Very cool idea, one problem I can see though is that the refresh rate of standard GPS systems is 1Hz (i.e. once per second). This would cause the feedback to be far too slow, a bit like having an ABS sensor that spat out a single pulse per wheel revolution.

[Bowie69]

It's a tractor, guv, honest!

[simonr]

Very cool idea, one problem I can see though is that the refresh rate of standard GPS systems is 1Hz (i.e. once per second).

I agree - if you use a flux-gate compass for the direction, it can be read continuously. The GPS is then just used for velocity and position which won't change much in a second that interpolation wont take care of.

In fact, just the compass should be enough.
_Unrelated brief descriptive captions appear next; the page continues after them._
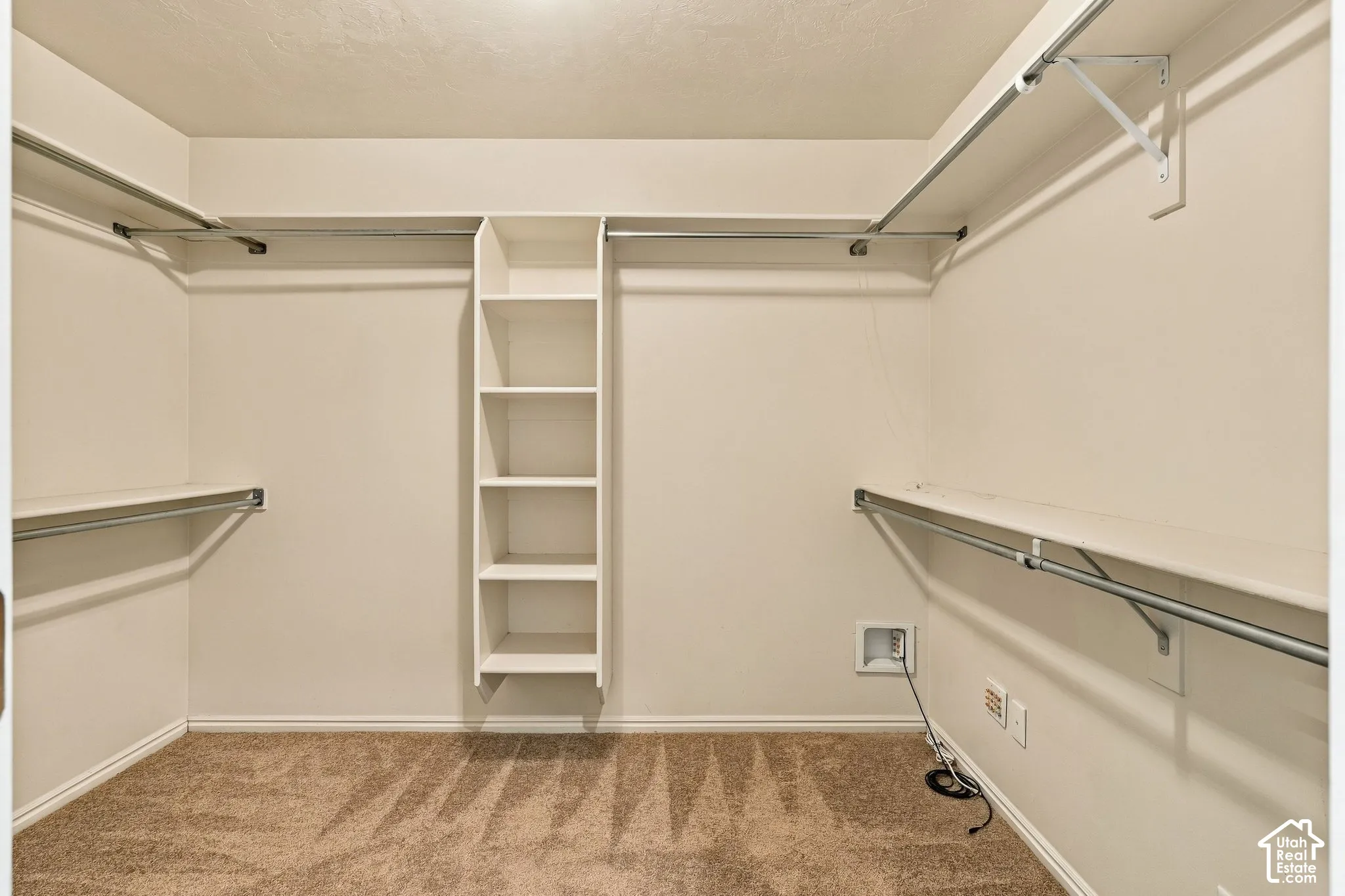 Walk-in closet featuring wall-to-wall carpet, built-in shelving tower, and tiered metal garment rods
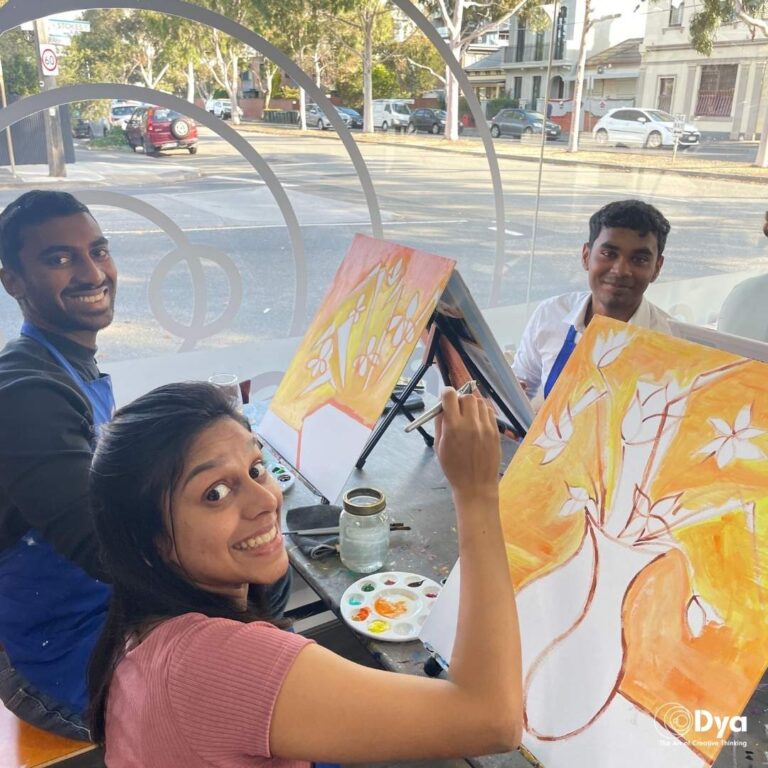 Team participating in an out-of-the-box creative team building workshop in Melbourne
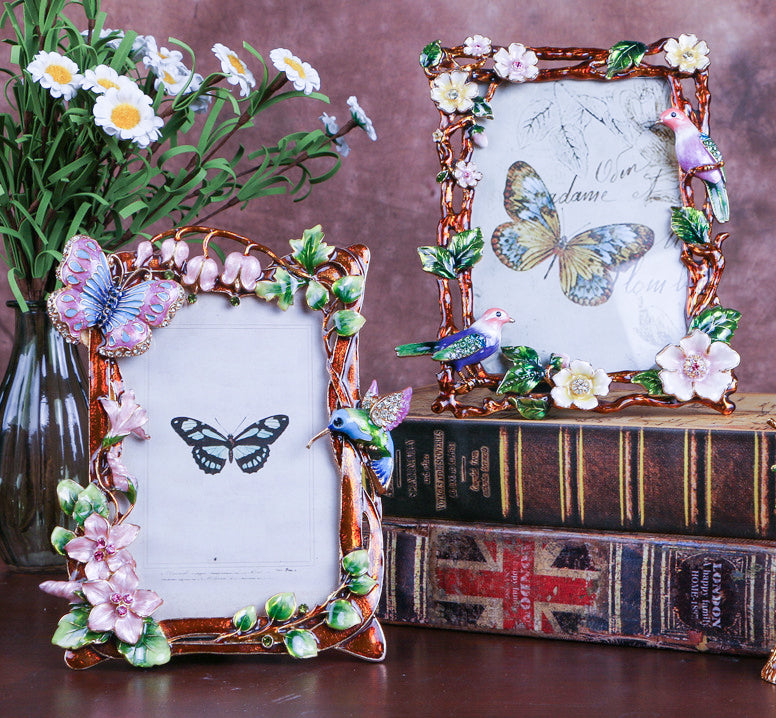 Two exquisite enamel photo frames with intricate, hand-painted floral and butterfly designs. One features a butterfly and pink flowers, while the other highlights birds and blossoms. Perfect for adding an artistic and vintage touch to home decor.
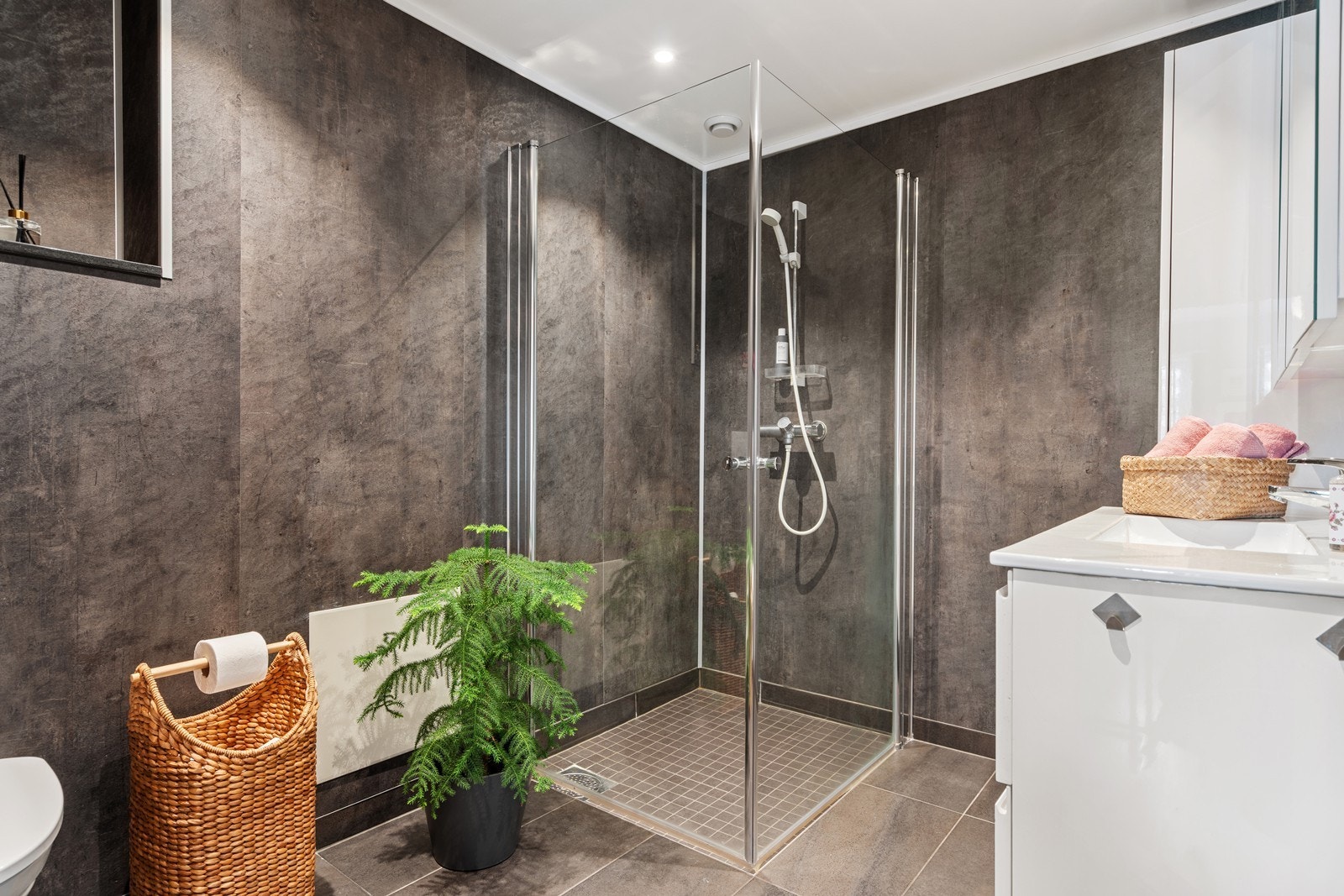 Tidsriktig og delikat baderom som er innredet med heldekkende servant, veggmontert toalett og dusjvegger/hjørne. Galleribilde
If the vehicle is drifting sideways, chances are the driver will adjust the demand course to compensate - so knowing the actual course is not that important.

Si

[FridgeFreezer]

Some very groovy ideas here, not sure I want to add ABS sensors to the portals (or as I'm sure someone would suggest, read the speed from the portal gears themselves) but some sort of forced steering seems most obvious.

I do like the intelligent trailer brakes idea though, could be a real winner for some applications.

[simonr]

Some very groovy ideas here, not sure I want to add ABS sensors to the portals (or as I'm sure someone would suggest, read the speed from the portal gears themselves) but some sort of forced steering seems most obvious.

An inductive pickup drilled through the casing to pick up the gear teeth is the easiest. As the half-shafts are geared down to the wheel, you could probably just read the splines and still have enough resolution.

I wonder if you could actually do it without wheel sensors at all?

If you know the vehicle speed and steer angle, you can work out the rpm of the fastest wheel. You don't apply any braking to that. You know the proportional speeds of the other three wheels so you can apply a proportional amount of braking (using the on/off duty cycle) to the other wheels. It would not work as well - but would probably still work.

Pushing the envelope a bit further - by putting a pickup on either end of each half-shaft, you could measure the amount of twist in the shaft and hence the torque applied to each wheel.

You could use this for some kind of torque balancing or use it to detect when a shaft is about to break and reduce the braking on that axle / kill the engine power briefly as a sort of governor.

Si